Mi catturavi, ancora mi seduci
e il tempo evade dalla cieca stanza,
cadono i lacci, e sono un altro io.
O ancora, l’esperienza di Lazzaro:
Ma un morto che pure rinasca non può nulla
se tu non ordinassi a tutti i Tuoi
di scioglierlo dai lacci che lo serrano.
E lui si fa sbendare, riconquista
la libertà degli uomini, il suo rischio.
La rinascita del Risorto è la libertà degli uomini, la libertà di poter essere veramente umani, cioè teneri, misericordiosi, poveri, stranieri, servi. Incredibilmente, la nostra libertà si gioca tutta nella capacità di servire, capacità che viene solo dall’alto, da Dio.
Più profondamente, però, l’opera di Resurrezione di Cristo ci spinge al di là della materia, ci porta (se ci lasciamo portare) ad elevare la carne della nostra umanità fino ad una piena trascendenza divina.
L’idea del Cielo mi angoscia, non ne afferro
(come potrei?) la consistenza. L’assenza
del tempo mi sovrasta e mi impaurisce.
Ma se avrò modo di fissarmi in Te,
di sentirTi parlare, di guardarTi
dritto negli occhi, che può importarmi del resto?

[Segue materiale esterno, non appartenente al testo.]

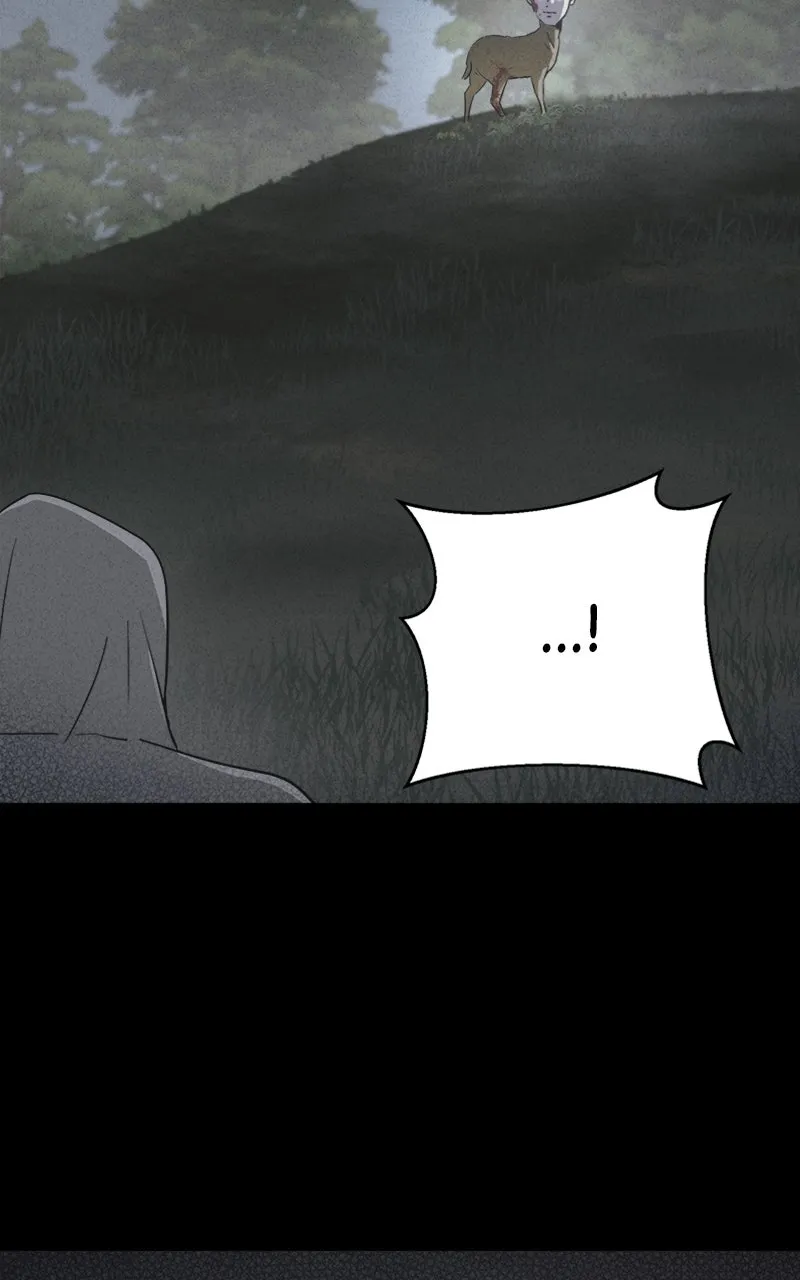 Tales of the Unusual 2 Chapter 2 page 5 -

Sulla trascendenza la poesia ricerca l’idea, si accosta alla filosofia, alla teologia, perché cerca sostegno in scienze sorelle (anche se la modernità le vuole separate, ahimè!). Il poeta vuole afferrare la consistenza del Cielo … che è quel tenerissimo amore. Tutte naufragano in questo tentativo, anche la poesia.
Impossibile, infatti, è far entrare il Cielo nella nostra testa, parafrasando il grande Agostino. In questa impossibilità, però, si nasconde una fervida tensione, sia pur effimera. Teso, con il naso all’insù, sta il poeta, e ci riempie di domande: tra un verso e l’altro, infatti, troviamo moltissimi punti interrogativi, segno di una sincerità davvero umana, quasi pura, candida. Domande che spaziano, domande che creano spazi di senso, che riallacciano l’altitudine del Mistero con la nostra umanità attraverso la meraviglia.
Forse questa capacità di meravigliarsi del fanciullo che è in noi, che il poeta conserva e difende a prescindere, rappresenta il più corretto viatico per riscoprire la tenerezza di Dio e con essa la nostra tenerezza, fino alla tenerezza dell’amore fraterno, sorerno e infine integrale, completo, radicale che dà alle nostre vite sapore di eternità.